In this notebook you will...
1. Read in the concatenated output data
2. Explore the full data set
3. Create simple time series line plots
4. Plot variables with more dimensions
5. Understand the spin-up phase
6. Look at carbon flux outputs

Start by reading in some libraries:

In [None]:
import xarray as xr  # NetCDF data handling
import matplotlib.pyplot as plt  # Plotting
import time  # Keeping track of runtime
import json  # For reading data dictionaries stored in json format
import datetime as dt  # for workaround with long simulations (beyond year 2262)
from pathlib import Path

---
### Define names and path to the NetCDF output

**Attention! Did you concatenate your output files already? By default, the model produces many seperate output files (one per month). You should concatenate them using the [combine_nc_files.ipynb](../../notebooks/combine_nc_files.ipynb) notebook to facilitate and speed up the analysis.**

_Execute the next cell to display available case names/site IDs in the current version of the NorESM-LSP(optional)._

In [None]:
with open(Path("../../config/sites.json"), 'r', encoding='utf-8') as lsp_sites_json:
    lsp_sites_dict = json.load(lsp_sites_json)
    
print(f"{'Case name':>9}{'Long name':>25}")
print('-'*34)
_ = [print(f"{cur_site['properties']['name']:>9}{cur_site['properties']['long_name']:>25}") for cur_site in lsp_sites_dict['features']]

Change the case name and site name in the code cell below before executing it.

In [None]:
# Add the full case name in quotation marks here! E.g.: "5994e825658b853b95d61feccffd18ad_bor1-1000y"
case_name = "54460ba2d205ff3b51c166c74f5320b3"#"5994e825658b853b95d61feccffd18ad_bor1-1000y"

# Enter the case ID (aka. short site code, see table above) in quotation marks here! E.g.: "BOR1".
# ATTENTION! This is case sensitive and important to find the right paths: use the correct capitalization of letters!
case_id = "SUB1"#"BOR1"

# Path to the case's land archive output, i.e. the folder containing the `.nc` file(s) you want to analyse. 
# Only change this line if you renamed/moved the folder or moved files from the default location!
output_data_path = Path(f"../../cases/{case_name}/archive/lnd/")

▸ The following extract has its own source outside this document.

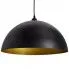 Szczegółowe zdjęcie nr 5 produktu Czarne lampy wiszące z regulacją 2 sztuki - E985-Olseo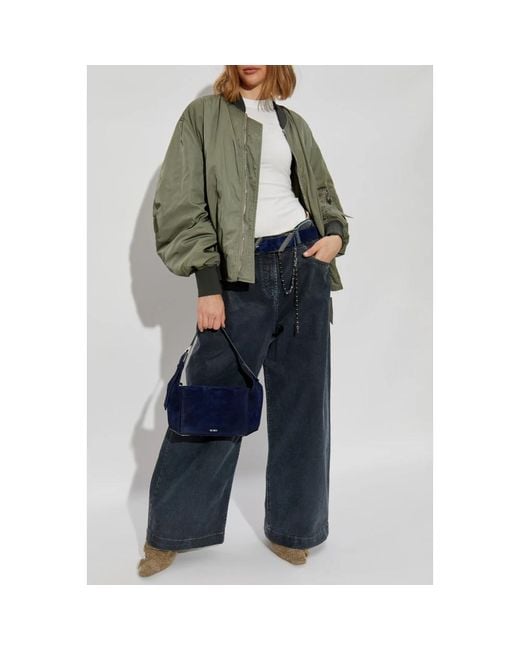 The Attico Bomber Jackets in het Green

### Enter the name(s) of the output file(s) - READ CAREFULLY!

In the likely case that you produced multiple output files, we recommend to concatenate these into a single file (see above). However, if you want to combine multiple files 'on the fly', you can uncomment the respective line in the next code cell and adapt it accordingl. Note that this process can take a long time!

You can use the analysis examples in this notebook as a template for analysing additional history tapes, which you may have added in the graphical user interface when creating the case. Make sure to give the correct name (i.e. `h1`, `h2`, etc.) and that the variables you want to analyse are included in it.

Change the output file name before executing the following code cell.

In [None]:
# Enter the name of a single output file, e.g. created with the 'combine_nc_files' notebook. For example:
file_path = f"{output_data_path}/5994e825658b853b95d61feccffd18ad_bor1-1000y.h0.0001-1000.nc"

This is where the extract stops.